_ACTIVITY_
The required output is the exact run of lines from the one bearing "Tesla gramoradio Dominant 1039A - 5" through the final line of the listing below, with the pictures removed.

_AVAILABLE DATA_
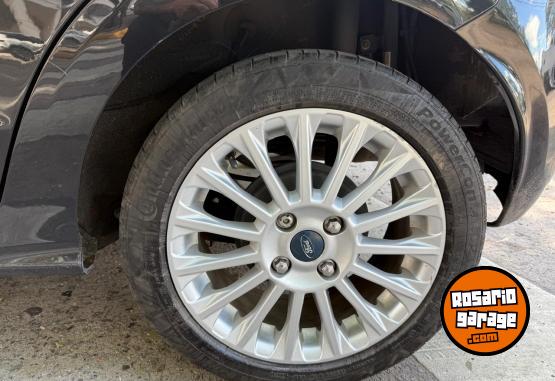 Autos - Ford Ka 2018 Nafta 77000Km - En Venta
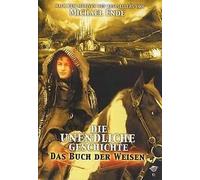 Die unendliche Geschichte - Das Buch der Weisen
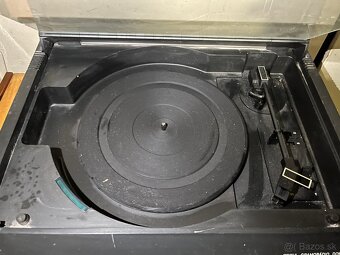 Tesla gramoradio Dominant 1039A - 5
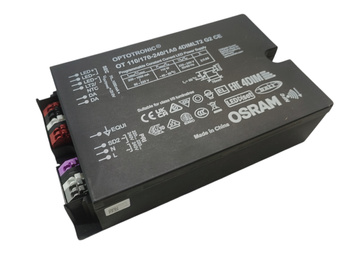 Sterownik OPTOTRONIC OT 110/170-240/1A0 4DIMLT2 G2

_EXPECTED ANSWER_
 Tesla gramoradio Dominant 1039A - 5
 Sterownik OPTOTRONIC OT 110/170-240/1A0 4DIMLT2 G2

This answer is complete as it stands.